Stored entries.
+ + + + +
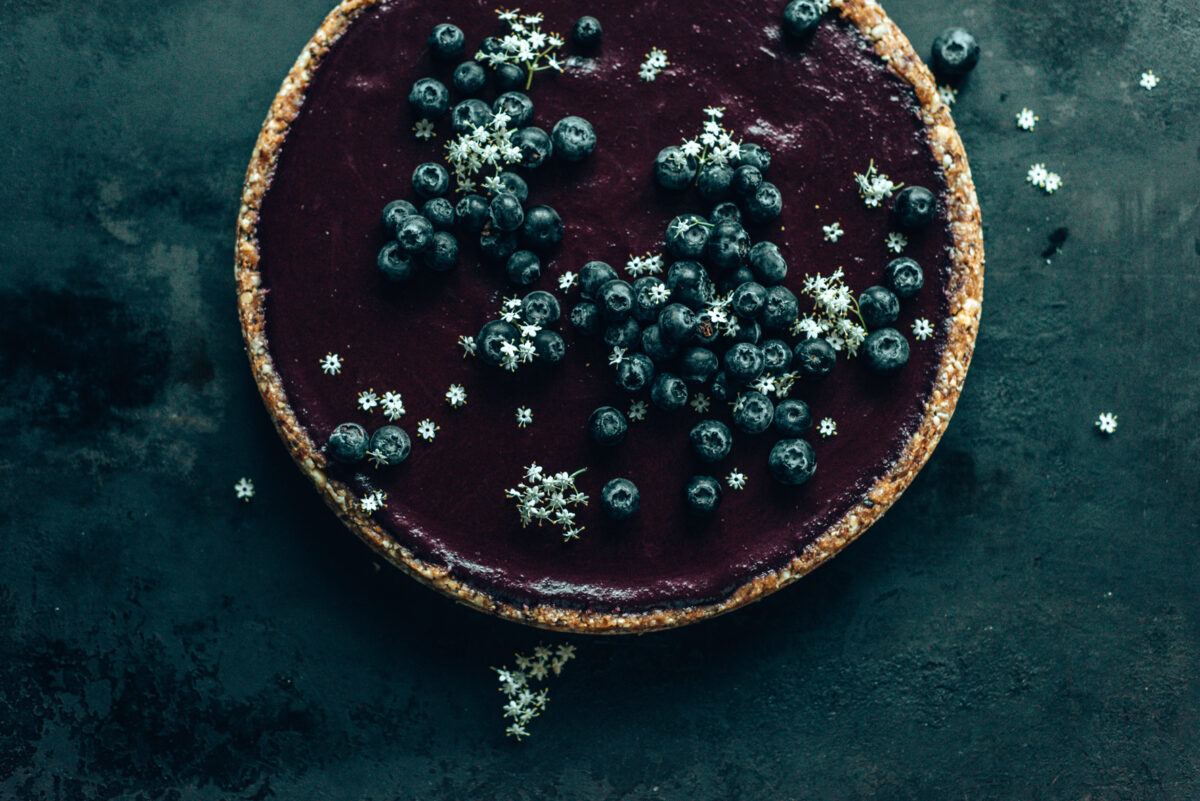 Heidelbeer-Tarte auf dunklem Untergrund mit Holunderblüten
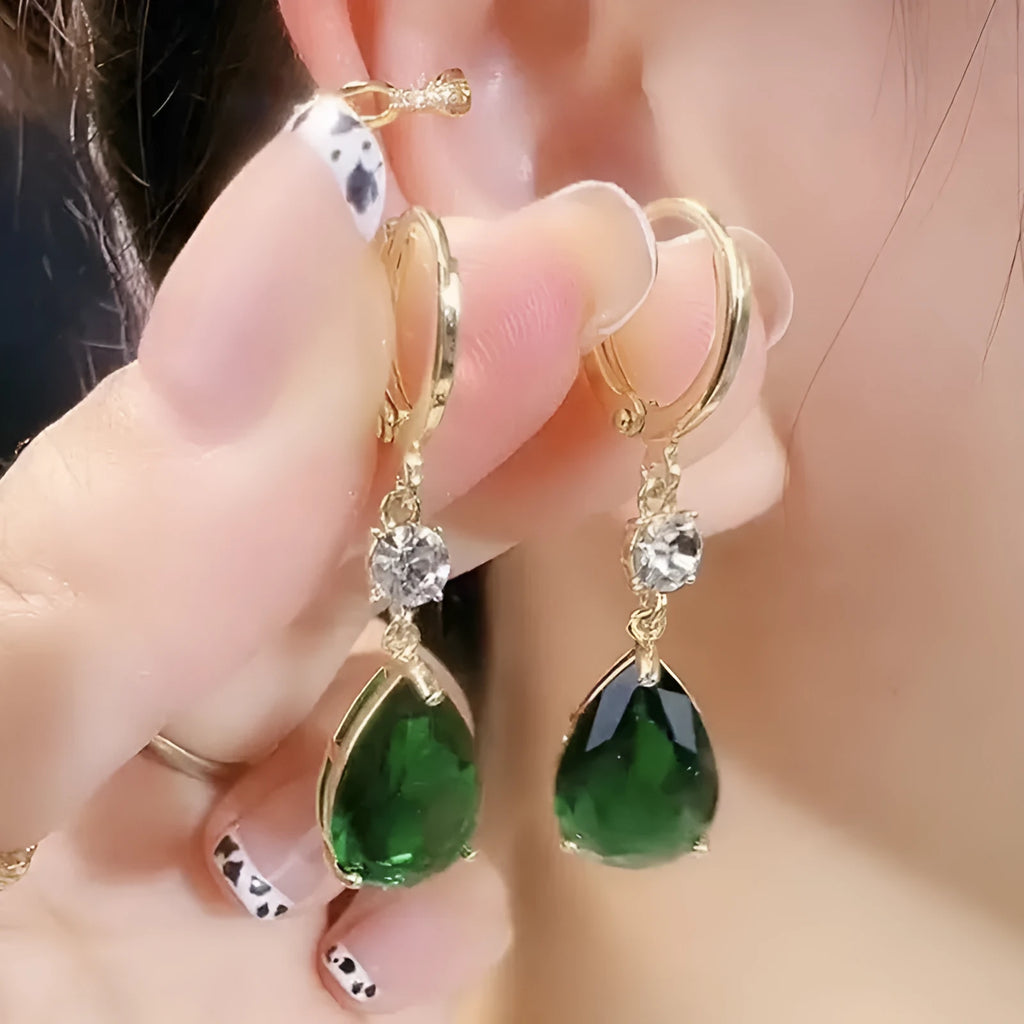 A pair of emerald green geometric teardrop earrings made from alloy.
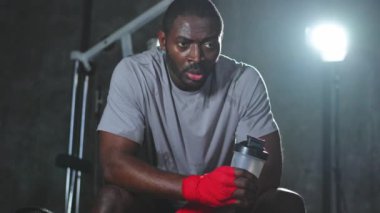 Spor salonunda boksör. Spor salonundaki boks antrenmanından sonra dinlenen kırmızı boks ambalajlı yorgun Afrikalı boksör. Boks müsabakasından sonra güçlü, terli bir sporcu. Spor salonunda antrenman günü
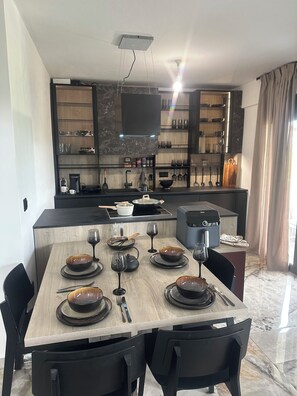 A modern kitchen with a dining area, equipped with a coffee maker, wine glasses, and a flat-screen TV. - Artion jacuzzi Villa Nikiti a 3-bedroom apartment with jaccuzi in charmingNikiti (Nikiti)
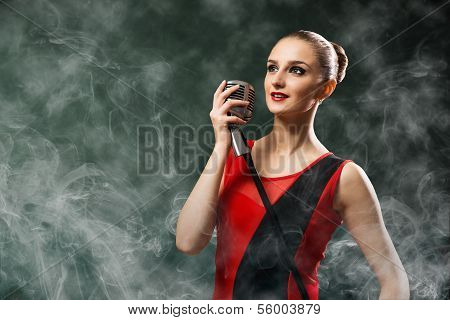 beautiful blonde woman singer with a microphone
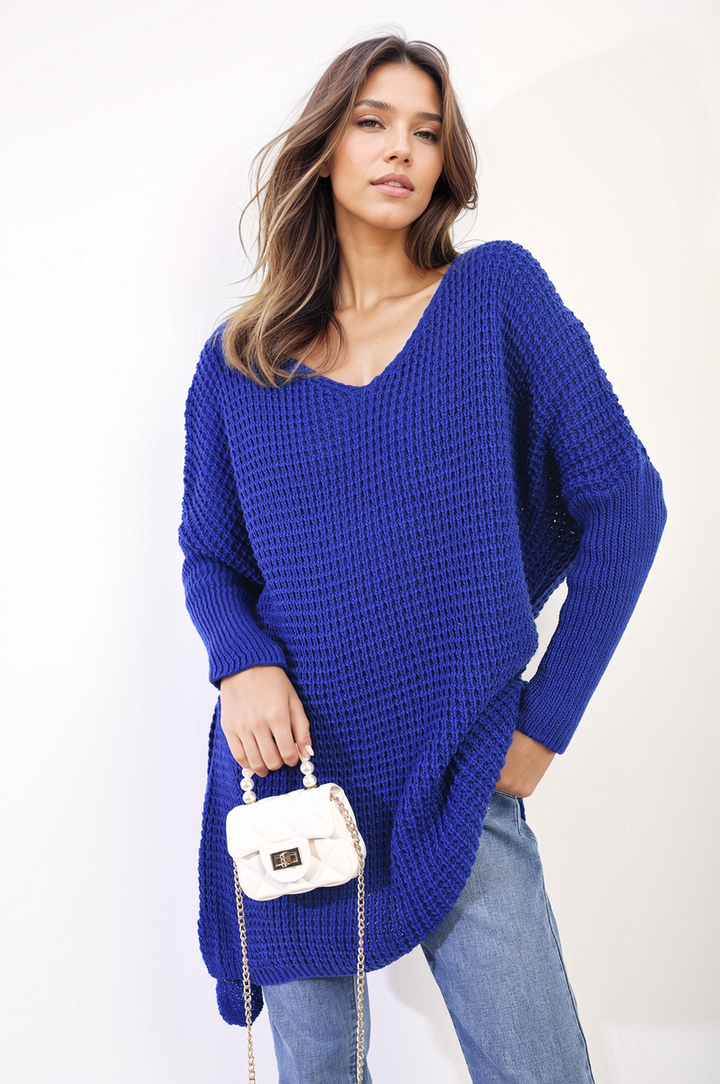 Woman in blue sweater, holding a white purse. Showcasing the Rebecca Oversized Chunky Knitted Jumper, a cozy and stylish essential for chilly days.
+ + + + +
Task directions. Repeat, exactly and in full, all records above, but include no pictures.

Task solution.
 Heidelbeer-Tarte auf dunklem Untergrund mit Holunderblüten
 A pair of emerald green geometric teardrop earrings made from alloy.
 Spor salonunda boksör. Spor salonundaki boks antrenmanından sonra dinlenen kırmızı boks ambalajlı yorgun Afrikalı boksör. Boks müsabakasından sonra güçlü, terli bir sporcu. Spor salonunda antrenman günü
 A modern kitchen with a dining area, equipped with a coffee maker, wine glasses, and a flat-screen TV. - Artion jacuzzi Villa Nikiti a 3-bedroom apartment with jaccuzi in charmingNikiti (Nikiti)
 beautiful blonde woman singer with a microphone
 Woman in blue sweater, holding a white purse. Showcasing the Rebecca Oversized Chunky Knitted Jumper, a cozy and stylish essential for chilly days.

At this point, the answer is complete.